Sterling managed some gains on Friday as investors grew more confident that the United States government and central bank economic stimulus could alleviate some of the impacts of the coronavirus crisis.
The British government on Thursday said it would pay grants to self-employed people who have lost their jobs and income because of the coronavirus lockdown, further extending an unprecedented package of measures to bolster the economy. Finance minister Rishi Sunak had previously announced that the state would pay part of employee wages to dissuade companies from implementing layoffs.
Sterling was up 1% at $1.2345, a near-two-week high. Analysts do not see the pound rising back towards $1.30 - where it was before COVID-19 pandemic - anytime soon. Sterling was also rising by 1.2% against the euro to 89.43 pence, a two-week high. The pound briefly turned negative earlier in the day after British Prime Minister Boris Johnson said he had tested positive for coronavirus.
Analysts said that sterling would continue to be affected by how fast COVID-19 spreads in the UK, where the number of coronavirus cases and deaths on Thursday registered their most significant daily increase since the epidemic reached Britain. The UK missed an opportunity to join an EU procurement scheme for medical equipment to fight coronavirus, because of some confusion with emails, the government said on Thursday.
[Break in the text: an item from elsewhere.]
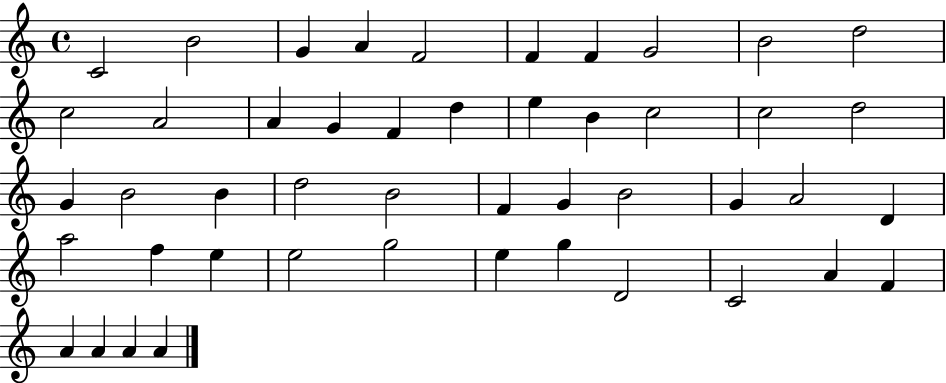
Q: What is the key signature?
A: C major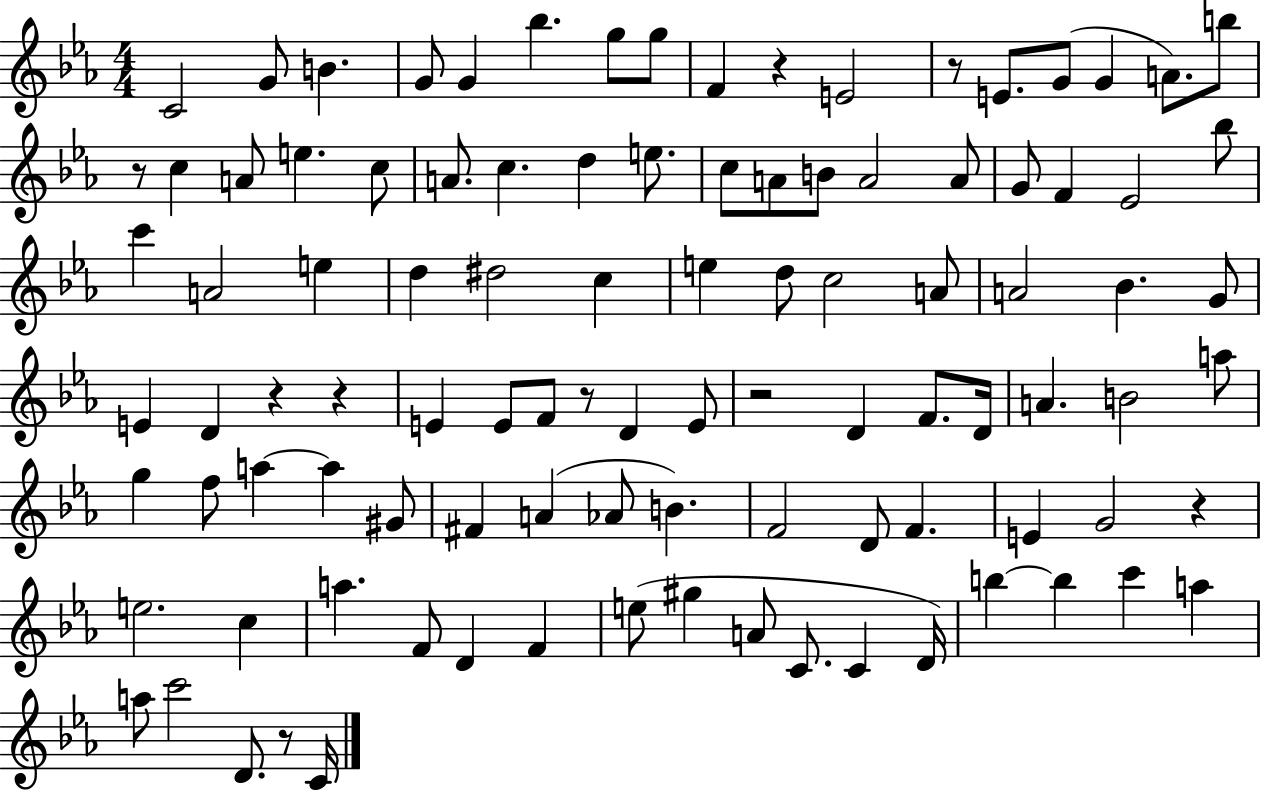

GBPUSD opened at 1.2222 and climbed steadily to close at a high of 1.2410
GBPEUR opened at 1.1093 and performed similarly, closing near a high of 1.1219
The dollar posted its most significant weekly decline in more than a decade on Friday, as trillions of dollars worth of stimulus efforts by governments and central banks helped temper a rout in global markets driven by the coronavirus pandemic.
The dollar surged in March as tumbling stock, and debt markets caused a scramble for the world’s most liquid currency. But significant government spending pledges and coordinated efforts by central banks around the world to increase the supply of dollars have supported a rally in other major currencies.
The US House of Representatives approved a $2.2 trillion aid package, the largest in American history, to help people and businesses cope with the economic effects of the coronavirus outbreak. The dollar fell 0.87% against a basket of currencies. It fell 3.90% last week - its most significant weekly decline since March 2009.
Against the yen, the dollar fell 1.56%, as Japanese investors and companies repatriated funds before their fiscal year ends next week. The euro gained 0.83% against the greenback, and the Australian dollar rose 1.78%.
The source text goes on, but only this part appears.